» Task directions: Return each of the entries below precisely, with no pictures in the result.
Start of Block
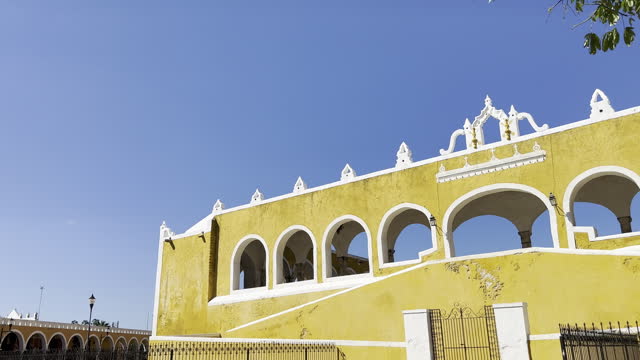 Panoramic view of the yellow city of Izamal in Mexico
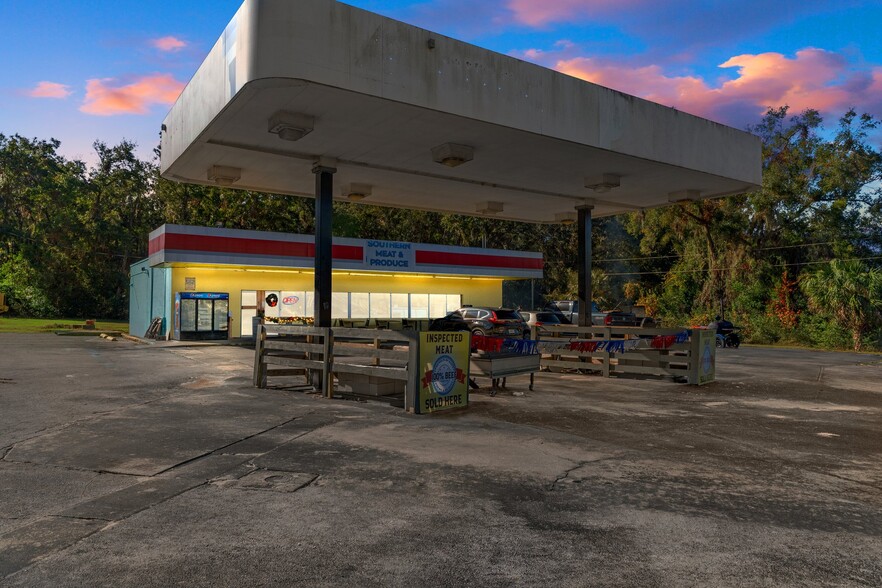 Primary Photo Of 5890 W Gulf To Lake Hwy, Crystal River Convenience Store For Sale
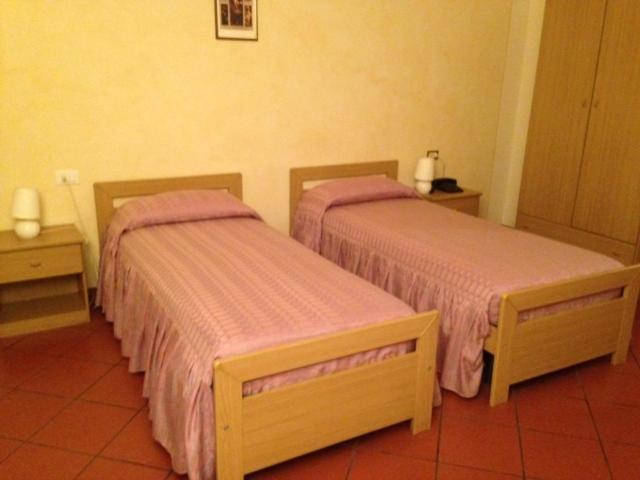 Albergo Ristorante La Scaiola Nuvolera Eksteriør billede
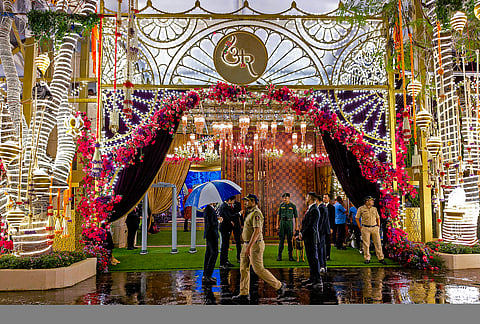 அனந்த் அம்பானி மற்றும் ராதிகா மெர்ச்சன்ட் திருமணத்திற்காக அலங்கரிக்கப்பட்ட ஆன்டிலியா இல்லம்.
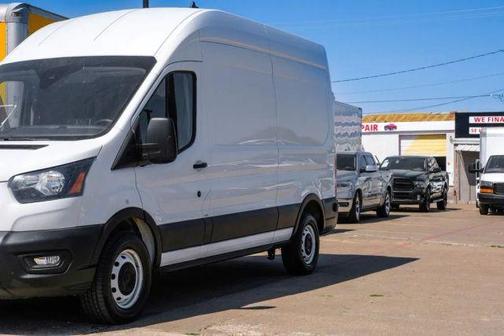 Oxford White 2023 Ford Transit-250 Base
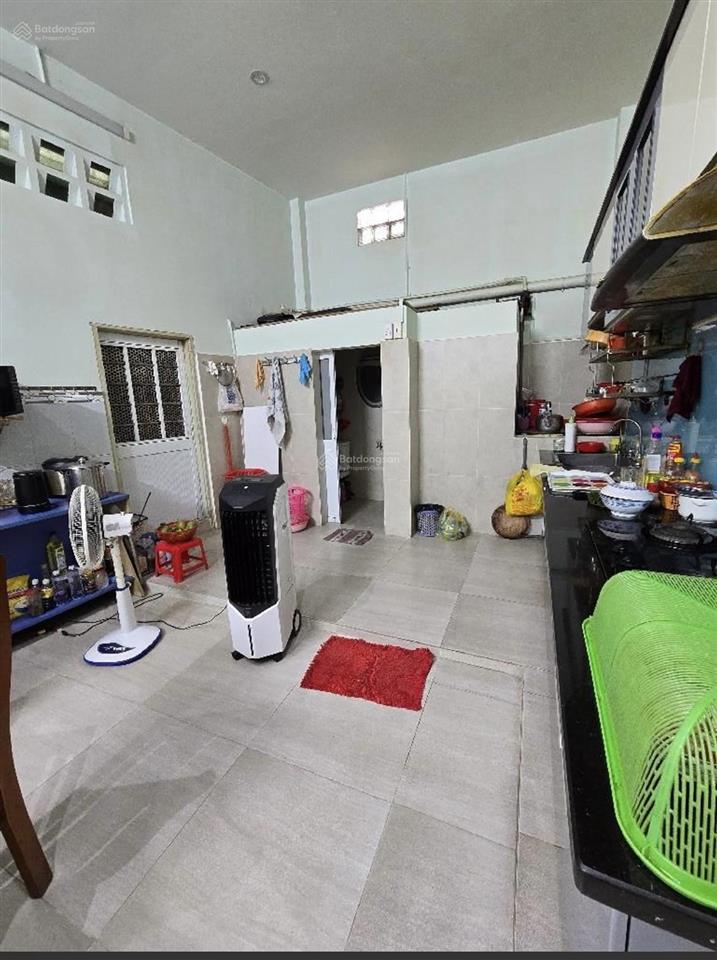 Nhà chợ chim xanh q.11 nở hậu 9m hxh 3 tầng chỉ 8.2tỷ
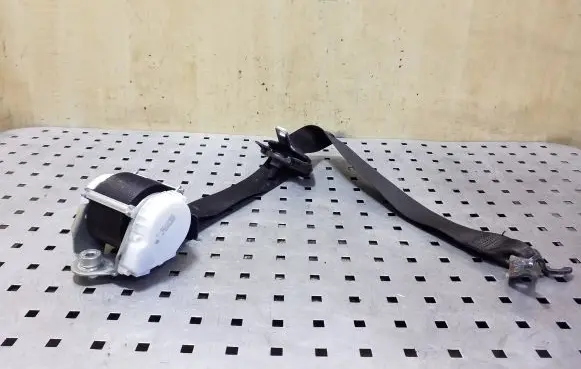 BMW X1 E84 Front seatbelt 34058428 2991282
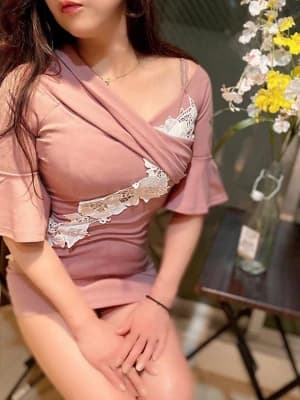 奈津子　なつこのご紹介│神戸 三宮 元町 西宮 明石 加古川 姫路のメンズエステ ミセスムーンＲ神戸店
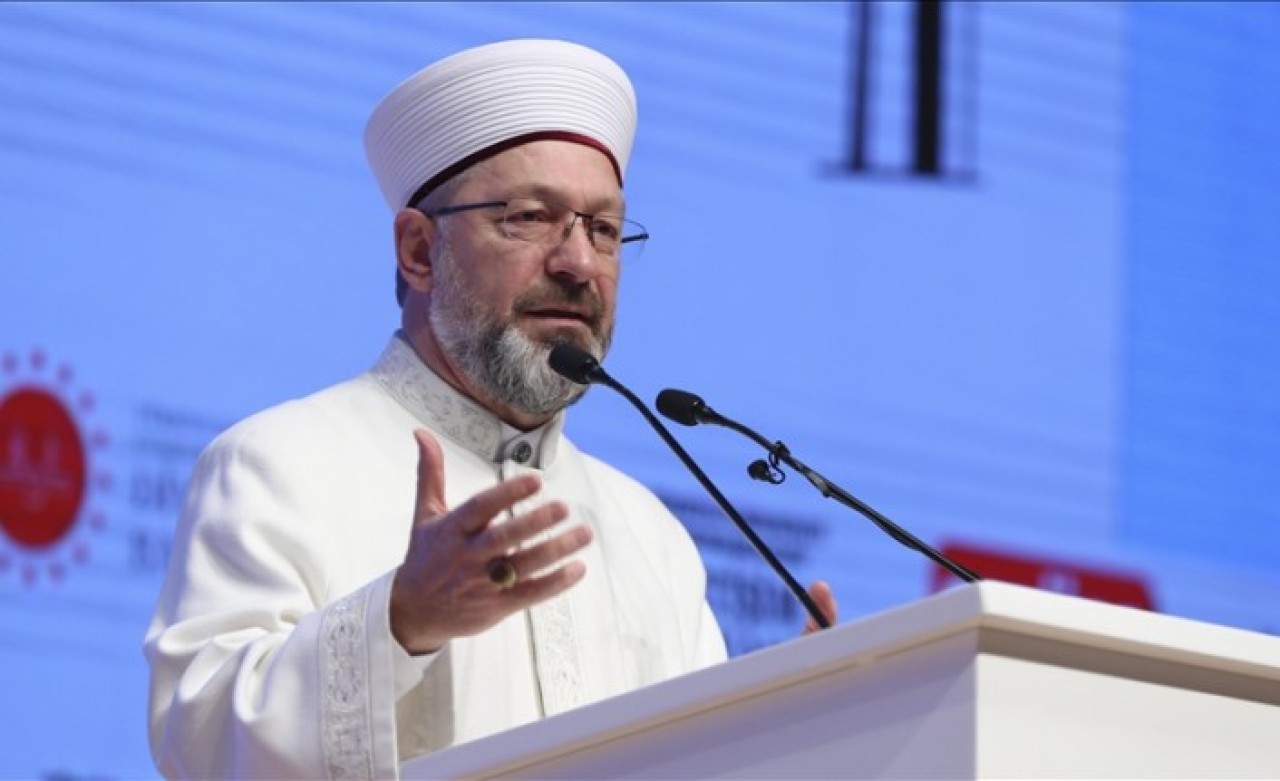 Dikkat! Ali Erbaş'tan teravih namazı açıklaması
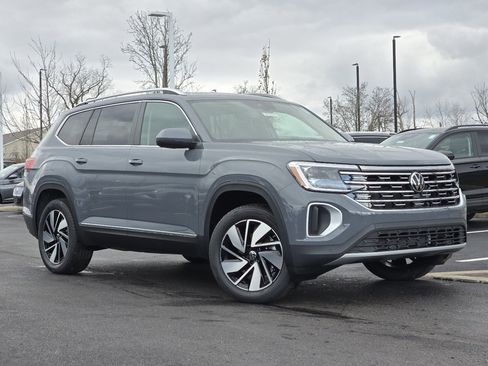 New 2026 Volkswagen Atlas SEL image 2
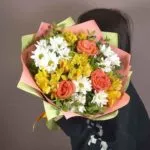 Букет с розами, альстромериями и кустовыми хризантемами в оформлении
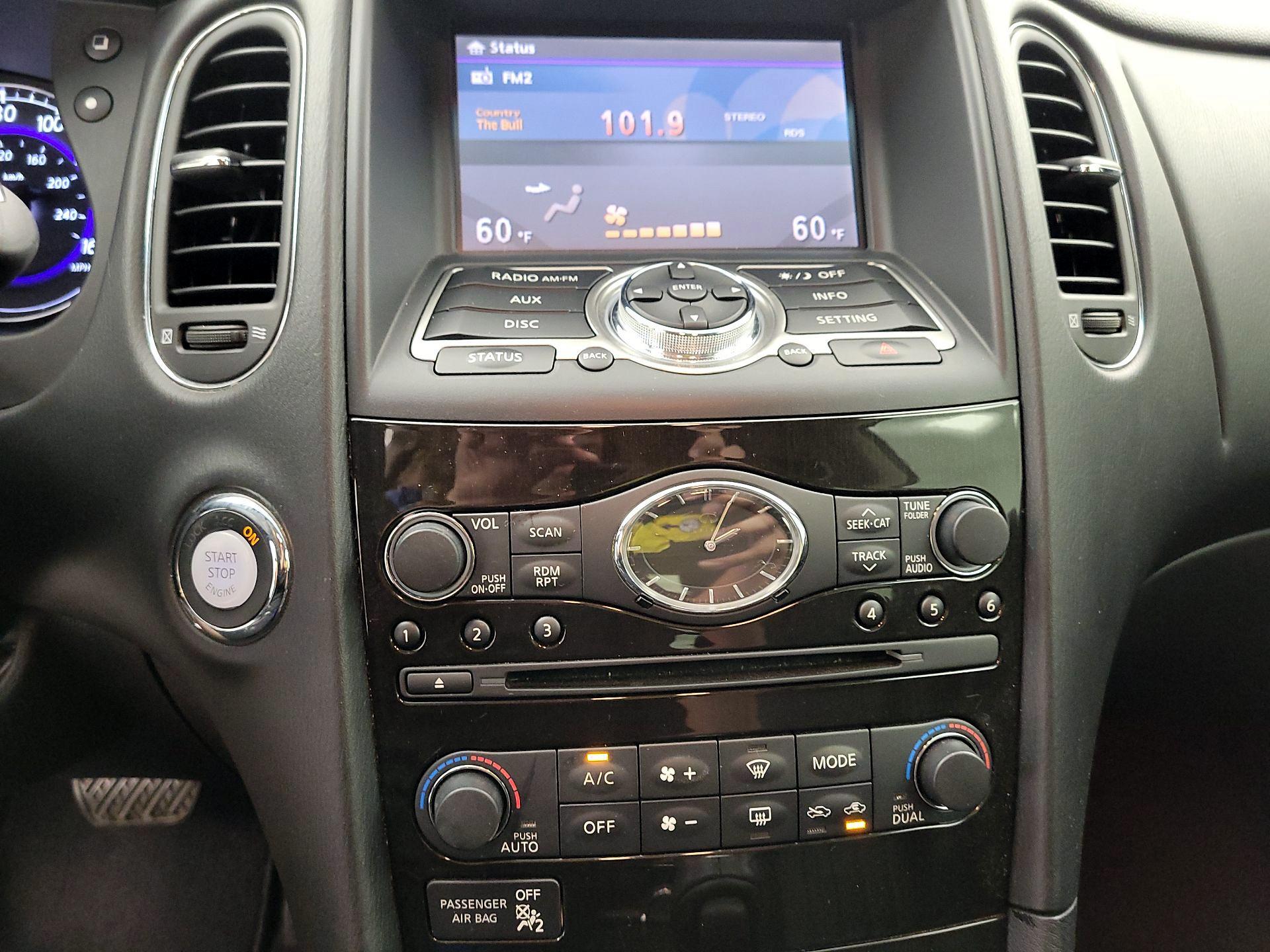 Thumbnail: 2016 INFINITI QX50 - 16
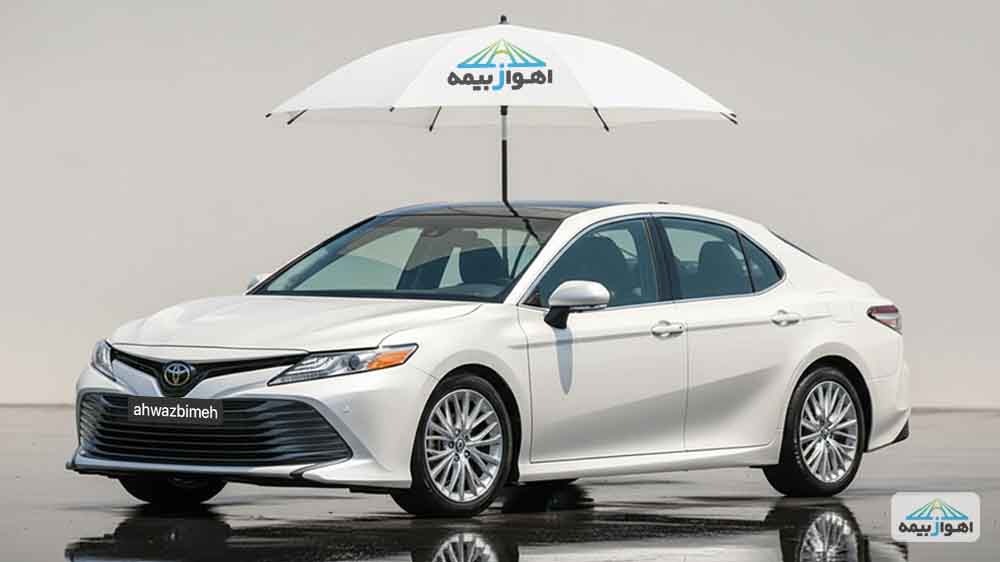 تصویر یک خودرو تویوتا کمری سفید برای صفحه خرید بیمه شخص ثالث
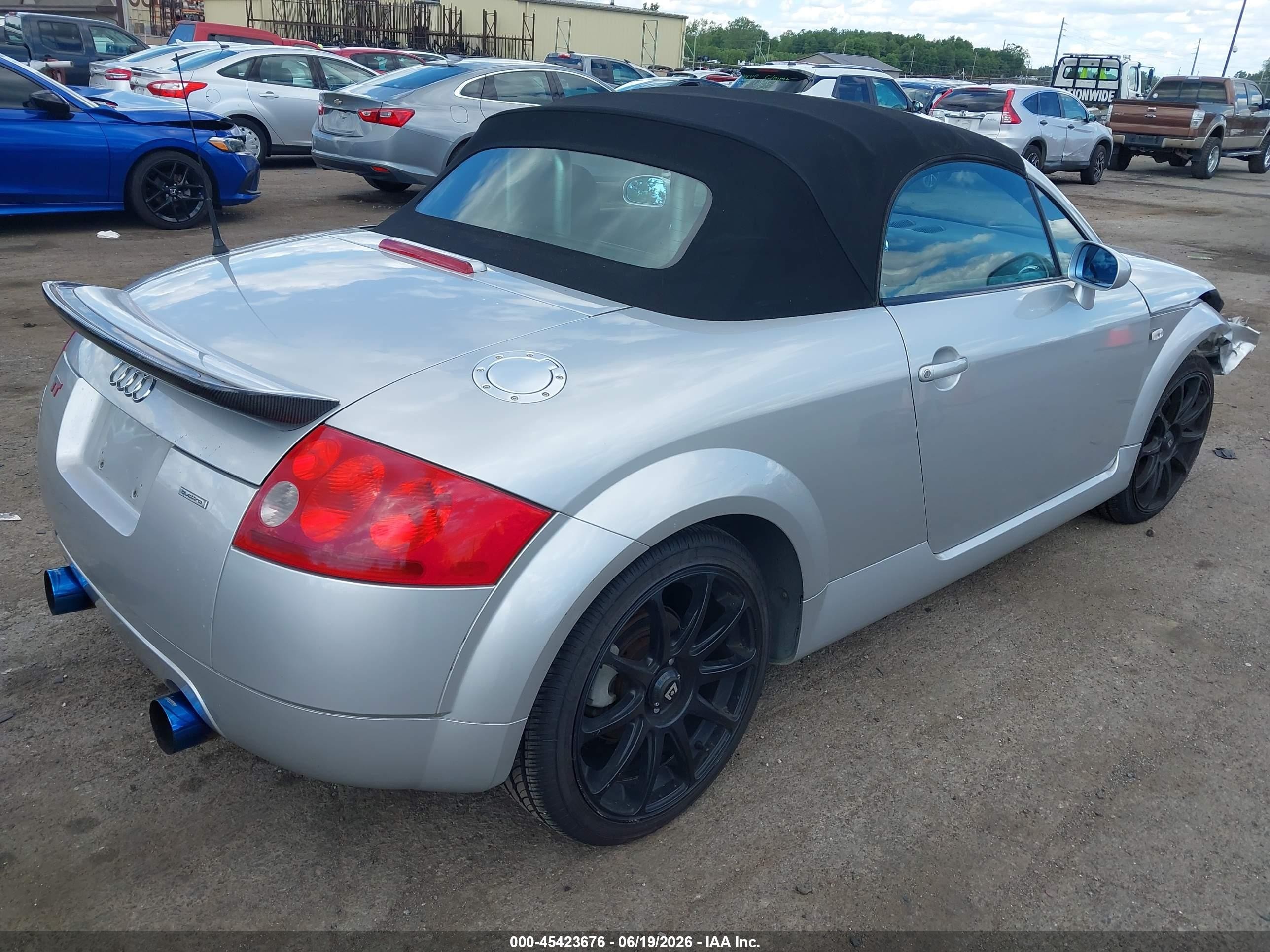 2001 Audi Tt   Silver vin: TRUUT28N811007462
End of Block
» Reply:
 Panoramic view of the yellow city of Izamal in Mexico
 Primary Photo Of 5890 W Gulf To Lake Hwy, Crystal River Convenience Store For Sale
 Albergo Ristorante La Scaiola Nuvolera Eksteriør billede
 அனந்த் அம்பானி மற்றும் ராதிகா மெர்ச்சன்ட் திருமணத்திற்காக அலங்கரிக்கப்பட்ட ஆன்டிலியா இல்லம்.
 Oxford White 2023 Ford Transit-250 Base
 Nhà chợ chim xanh q.11 nở hậu 9m hxh 3 tầng chỉ 8.2tỷ
 BMW X1 E84 Front seatbelt 34058428 2991282
 奈津子　なつこのご紹介│神戸 三宮 元町 西宮 明石 加古川 姫路のメンズエステ ミセスムーンＲ神戸店
 Dikkat! Ali Erbaş'tan teravih namazı açıklaması
 New 2026 Volkswagen Atlas SEL image 2
 Букет с розами, альстромериями и кустовыми хризантемами в оформлении
 Thumbnail: 2016 INFINITI QX50 - 16
 تصویر یک خودرو تویوتا کمری سفید برای صفحه خرید بیمه شخص ثالث
 2001 Audi Tt   Silver vin: TRUUT28N811007462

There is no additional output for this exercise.